In contractual interpretation, however, that is not necessarily the end of the discussion. New Mexico has abandoned the traditional “four corners” doctrine, and courts are permitted to consider evidence both within other parts of the contract, and external to the contract itself, to see if an ambiguity exists and to resolve it, if so. This “contextual approach’ to contract interpretation opens the door for broader strokes in determining ambiguity in a contract.
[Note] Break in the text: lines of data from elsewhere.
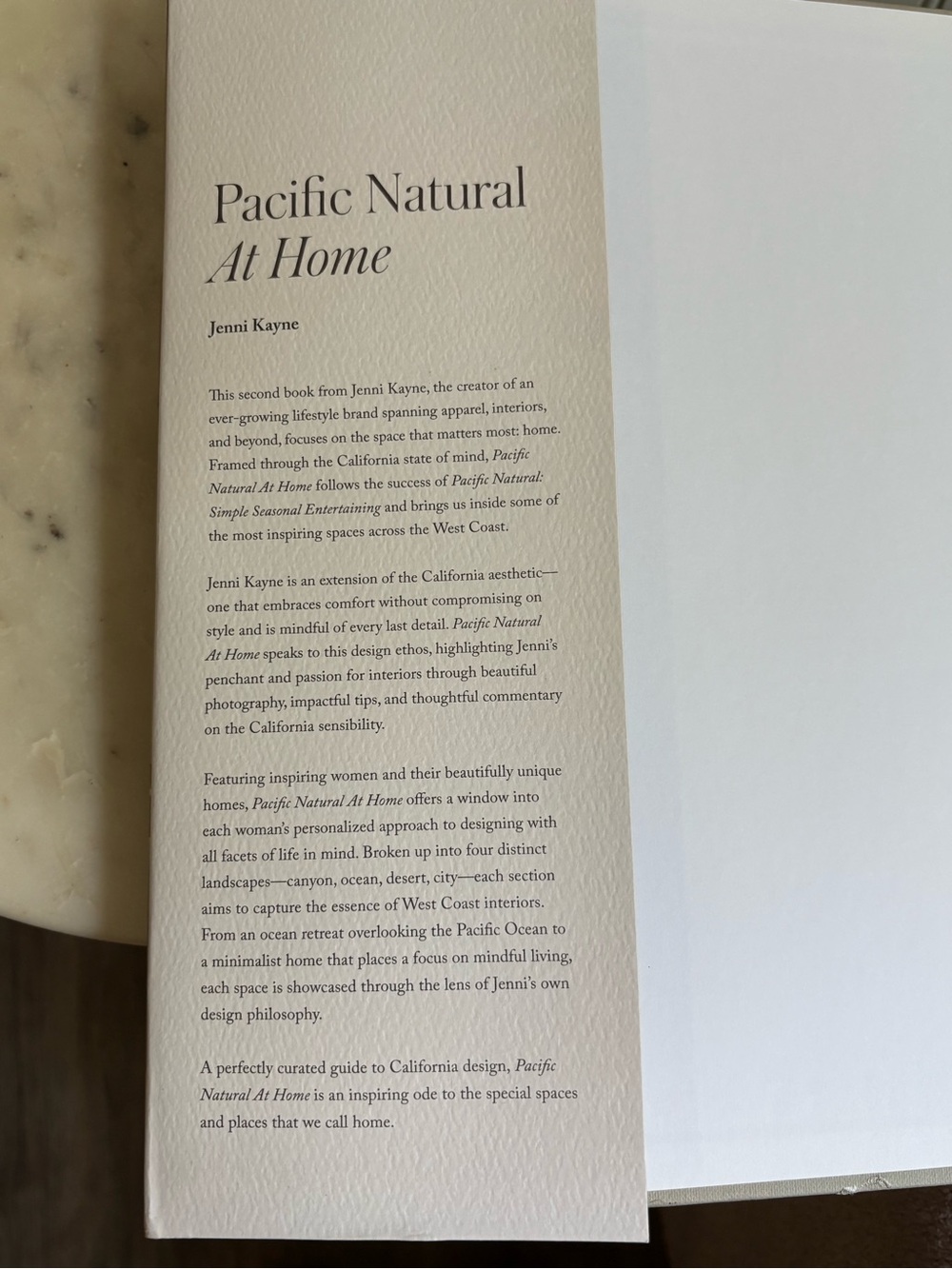 Jenni Kayne “Pacific Natural At Home” Hardcover Book Coastal California Designer - Picture 6 of 11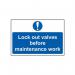 Lock Out Valves Before Maintenancework - 1.2 mm Recyclable Pp (300 X 200 Mm) 424587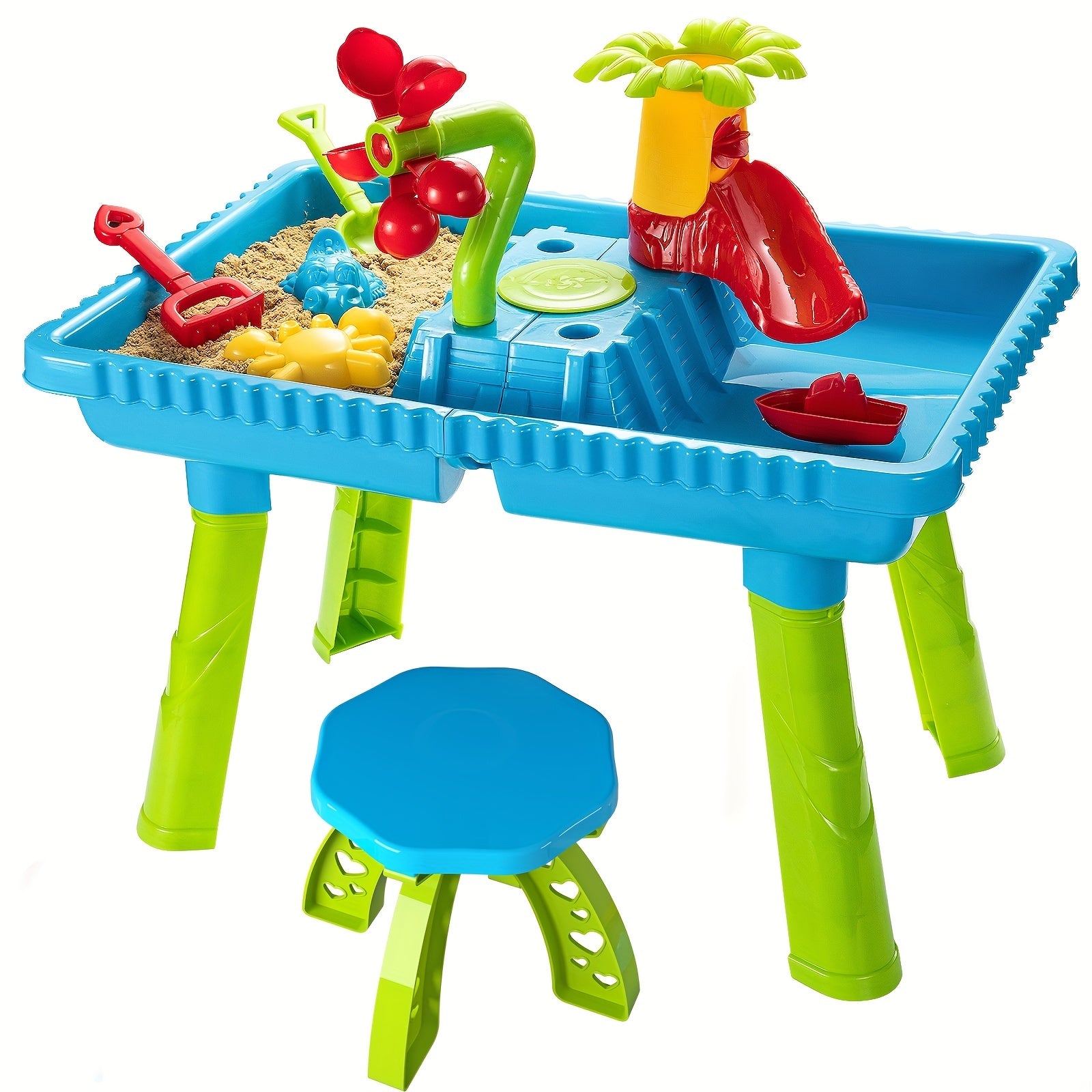 TEMI Kids Beach Toys Activity Sensory Play Table Outdoor Water Activity Tables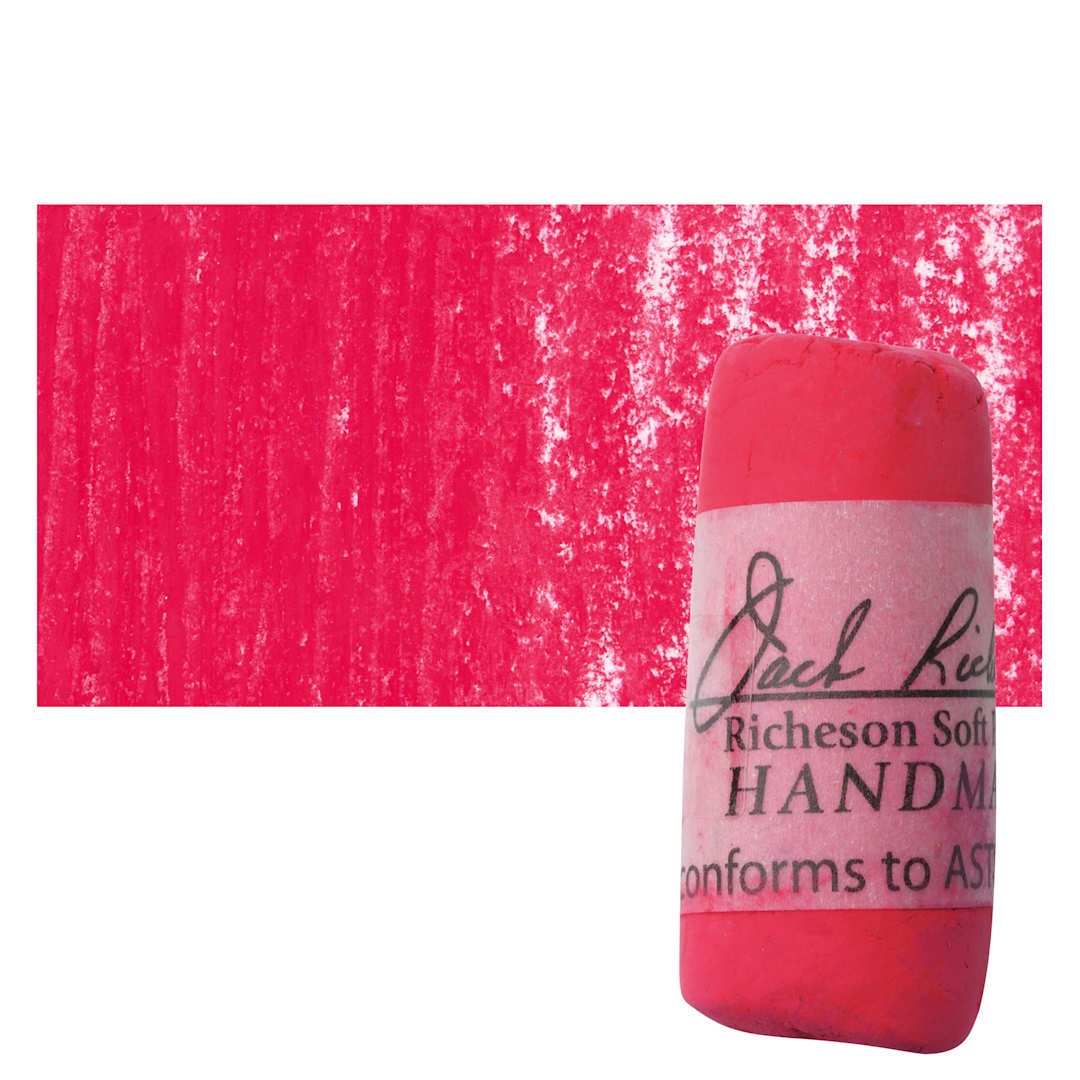 Open in modal - Richeson Soft Handrolled Pastel - Red R26, pastel and swatch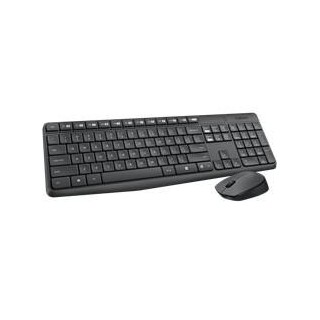 logitech teclado + mouse logitech mk235 wireless inalambrico portugues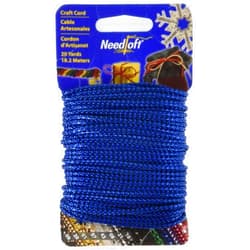 Cottage Mills Needloft Novelty Craft Cord, 20-Yard, Metallic Blue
In fact, the New Mexico Supreme Court has held that “even if the language of the contract appears to be clear and unambiguous, ‘a court may hear evidence of the circumstances surrounding the making of the contract and of any relevant usage of trade, course of dealing, and course of performance,’ in order to decide whether the meaning of a term or expression contained in the agreement is actually unclear.” Mark V, Inc. v. Mellekas 845P.2d 1232 (1993). 

This means that, if “lien or statement of claim against the property or any part thereof” is generally meant and understood to include claims against a project’s bond, it may be interpreted by the court that the clause also prohibits bond claims. And, since the waiver of claims by contract prior to work is allowable in New Mexico, it is possible that the right to make a bond claim could be waived.

This is a question of fact. Contract interpretation prior to the court’s involvement is not an exact science, and multiple readings are colorable and supportable. The clause at issue here appears to not limit the ability to make a bond claim by the exact language itself, but additional information may expand the prohibition.

Second, with respect to federal projects: The right to make a claim against the project’s Miller Act  bond is not easily waived. In fact, the Miller Act prohibits a party from waiving rights in contract prior to work. This prohibition is clearly set forth by Sec. 3133. Rights of persons furnishing labor or material, which states, in part:

“(c) Waiver of Right to Civil Action. – A waiver of the right to bring a civil action on a payment bond required under this subchapter is void unless the waiver is-

(1) in writing;

(2) signed by the person whose right is waived; and

(3) executed after the person whose right is waived has furnished labor or material for use in the performance of the contract.” (emphasis added).

Accordingly, to the extent the project is a federal project subject to the Miller Act, waiving bond claim rights prior to work is not allowed, and any such clause is void and unenforceable.